My reaction to the middle of Looking for Alaska was extreme. It felt like someone had decided to randomly beat the crap out of my emotional psyche for sadistic pleasure. I can honestly say I was doing everything I could not to cry in public where I was reading it waiting for my movie to start. It was something about the way John Green wrote that part that made it feel like it was happening to me. It felt like I’d experienced those changes in my life and had them so cruelly snatched away from me.

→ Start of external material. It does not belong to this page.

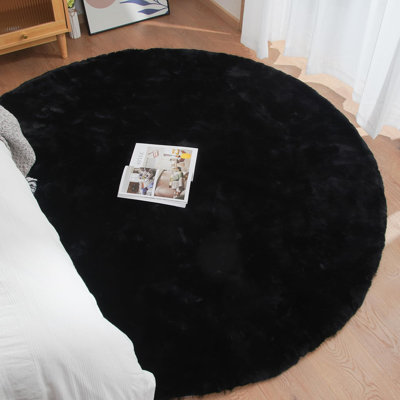 Black Faux Rabbit Fur Round Rug 6Ft - Washable Fluffy Area Rug For Bedroom Living Room Teen Room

I read on and as I read, the chapters of the aftermath showed all the major characters falling apart and that just caused me to spiral deeper and deeper into a sense of depression. It was like I couldn’t stop shaking as I read. A part of me, abstractly, realized that I was taking this story way too seriously. A part of me said that this shouldn’t really strike me this profoundly, that this emotional reaction was just plain odd. I’ve read many a story where darker things happen, some even written by, with all due respect to John Green, more skilled writers. (Though John Green I think is highly underrated overall) But this story hit me harder than any I can think of even though I haven’t experienced personally anything like what the main characters in Looking for Alaska experienced. And even as I read there was a part of my thought processes going over my own life and reliving things that happened to me and trying to connect them to the emotions rampaging through my mind as I read. But this self examination only tended to inspire in me a deeper sense of misery and despair.
And so this was my mental state. The last scene I read just before I left was a scene with the main character and his roommate’s relationship breaking down and their getting into a fight. It was a dramatic and heart wrenching scene, and strangely it was so even though I didn’t feel as if I really knew either of the characters that well. Seeing their friendship starting to disintegrate was painful especially given in the process they slung out the most hurtful truths to one another that they could find to state. I didn’t read through to the end of the scene. I had to get up because it was time. Time to watch a new movie. Right out of the depths of Alaska I went to see Avatar.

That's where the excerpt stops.